At Utah Tech, we leverage technology both on and off campus. Classroom instruction maximizes technology from online materials to remote learning options. We’re even currently testing the effectiveness of learning through virtual reality, which will broaden our accessibility and opportunities even more.
Outside of the classroom, Utah Tech students can expand their technology skills thanks to our new partnership with Pluralsight. By teaming up with this technology workforce development company, the University community has unlimited access to thousands of online courses on innovative technology topics to help them compete in an increasingly digital world.
What will be the next significant change in the Education industry, and how are you preparing for it?
As online learning continues to grow, universities need to recognize the importance of the social aspects of the college experience.
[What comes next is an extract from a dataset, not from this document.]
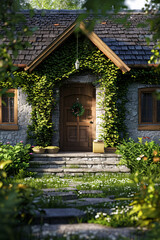 Fototapeta na wymiar Inviting Countryside Inn: Ivy-Covered Walls and Welcoming Porch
We need to pay more attention to the role of student activities in college, find ways to cultivate important social interactions, and help students understand how this contributes to their intellectual growth.
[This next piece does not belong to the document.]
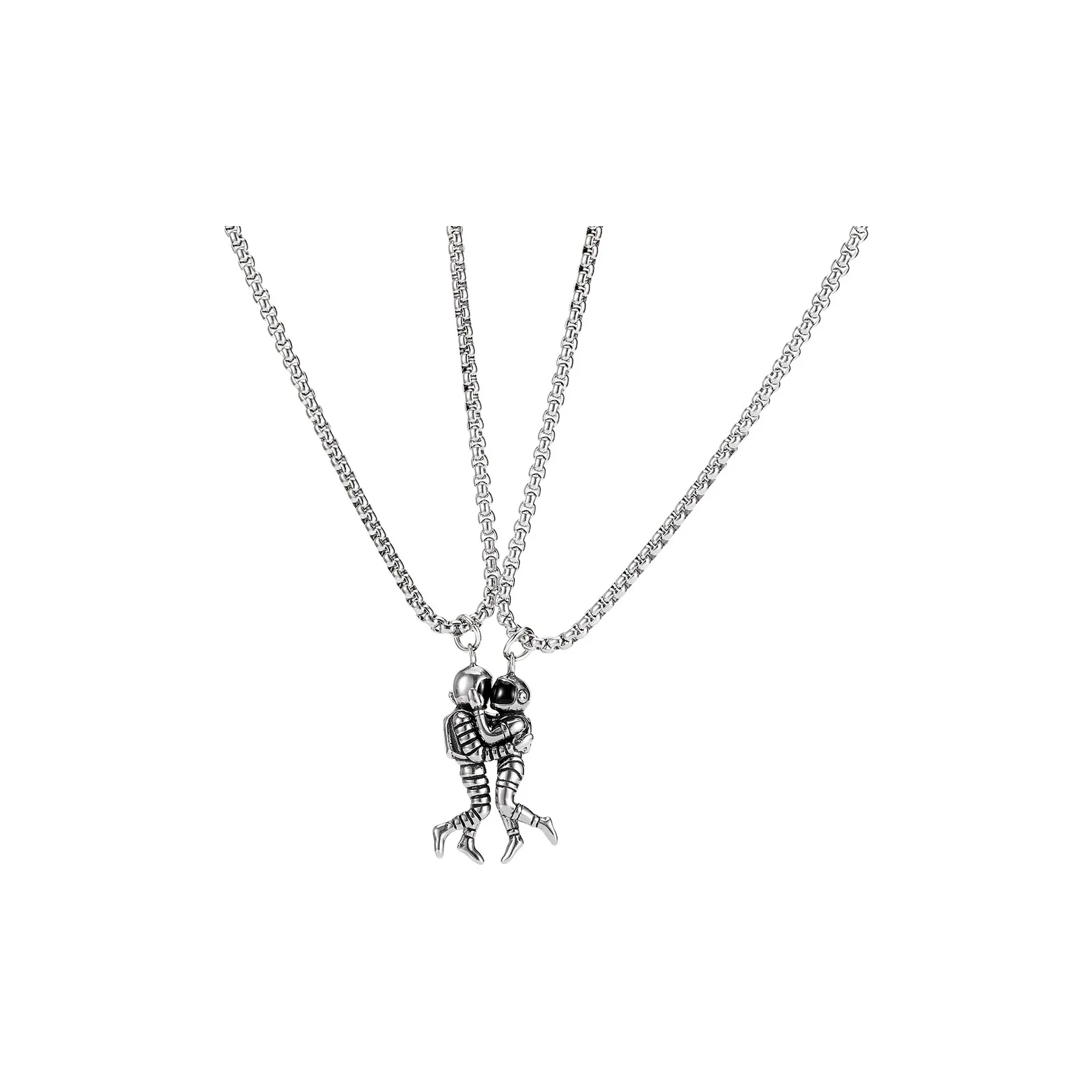 GENANX Necklaces Unisex Silver White/Magnetic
Also, with the newfound connectivity of the world post-COVID, we can broaden our reach far beyond our region and interact internationally. For example, Utah Tech will be hosting the next Polytechnic World Summit, bringing together leaders from polytechnic institutions from around the globe to strategize, share best practices, and continue to be responsive to economic trends.
With the gig economy and remote work options growing, we need to adapt to these changing work environments. Given this, we are offering more options for our students, giving them chances to earn degrees and certificates to make them employable throughout their educational experience so that every Trailblazer can feel well-equipped no matter what stage in their journey.
What are your goals for the upcoming future?
As part of Utah Tech’s current strategic plan, we continue to elevate our offerings as an open, inclusive, comprehensive polytechnic university.
We are located in the fastest-growing city in America and are committed to keeping up with this growth as an institution. By adding degree programs in careers with high demand, we can continue to prepare students to meet the needs of the industry. As part of this, I have worked closely with technology and industry leaders to form mutually beneficial partnerships that inform curriculum and prepare our graduates for success.
We are also in the planning stage of developing an Innovation District, a high-impact learning environment where students can prepare for their careers, and companies can find new talent. In this dynamic space, students will network with entrepreneurs, innovators, and business leaders to gain experience and invaluable mentorship.
What advice would you like to give the next generation of aspiring leaders?
Seize every opportunity to learn! Every day, there are more learning opportunities than there have ever been, and our future leaders will have to take advantage of this. The leaders of tomorrow will have to be skilled in social media, crisis management, and technology and constantly be in tune with where things are moving.
They will have to learn to juggle a lot of information, be able to analyze it, and then make a well-informed plan. Also, you really can make a difference and have fun while doing so.